Malicious code in one update of a trusted software provider was the Trojan horse that enabled access to petabytes of private data across 18,000 organizations, including Fortune 500s and government entities.
Every business leader must acknowledge what many in cybersecurity have been saying — cyber strategy is company strategy.
Why will SolarWinds be so generationally important, and why am I talking about it? Because the large (and growing) impact of the hack and the substantial (and mounting) losses mean that every business leader must acknowledge what many in cybersecurity have been saying — cyber strategy is company strategy. It is not an audit, but an important part of C-suite strategies and best practices ranging from employee onboarding to mundane everyday coding.
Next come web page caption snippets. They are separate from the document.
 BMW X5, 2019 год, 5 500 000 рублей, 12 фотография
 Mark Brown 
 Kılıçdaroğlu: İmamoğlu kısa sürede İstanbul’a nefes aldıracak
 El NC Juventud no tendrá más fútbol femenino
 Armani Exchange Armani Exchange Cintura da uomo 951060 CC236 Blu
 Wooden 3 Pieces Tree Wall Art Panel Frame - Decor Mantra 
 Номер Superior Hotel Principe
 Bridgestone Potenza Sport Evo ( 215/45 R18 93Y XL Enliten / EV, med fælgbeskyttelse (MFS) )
I believe generational startups will be created from this reckoning with cybersecurity, just as they’ve been created coming out of market disruptions in the past. I’ve been thinking about this for a while, but it is more clear than ever that we will see cyber go on a tear this next decade.
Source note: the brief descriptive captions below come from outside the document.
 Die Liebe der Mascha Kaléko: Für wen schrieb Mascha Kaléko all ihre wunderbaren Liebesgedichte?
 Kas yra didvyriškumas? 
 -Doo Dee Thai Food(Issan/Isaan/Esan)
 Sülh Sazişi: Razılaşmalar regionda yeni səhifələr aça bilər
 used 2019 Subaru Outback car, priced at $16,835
Forecasts suggest $100 billion of new market value by 2025 alone, putting total market size at close to $280 billion, but I think this figure is conservative. Cyber is — and will be — a massive business.
One key driver of growth in the cyber market is really easy to understand, but really hard to solve for: data. Cyber is often a second-order value proposition, after speed of development, managing IT assets or data. We’re familiar with the idea that “data is the new oil.” Since that phrase was coined by mathematician Clive Humby 15 years ago, the total amount of data in the world has increased 74x.
By 2025, IDC forecasts the data universe will consist of 175 zettabytes. In case you don’t know, one zettabyte is 1 trillion gigabytes. If you were to download 175 zettabytes of data on your computer, it would take you 1.8 billion years. Mind-boggling!
And it only increases exponentially from here. From likes, posts, profile views, follows and RTs for end consumers to time on site, conversion rate and bounce rate for websites to events, errors and anomaly tracking in IoT — all of this data is logged and tracked. We’ve seen billion-dollar companies built, taken public and acquired that ingest and visualize all of the data we capture.
The next generation of API startups is valuable proportionally to their ability to “talk” with apps in the ecosystem by sharing and ingesting data.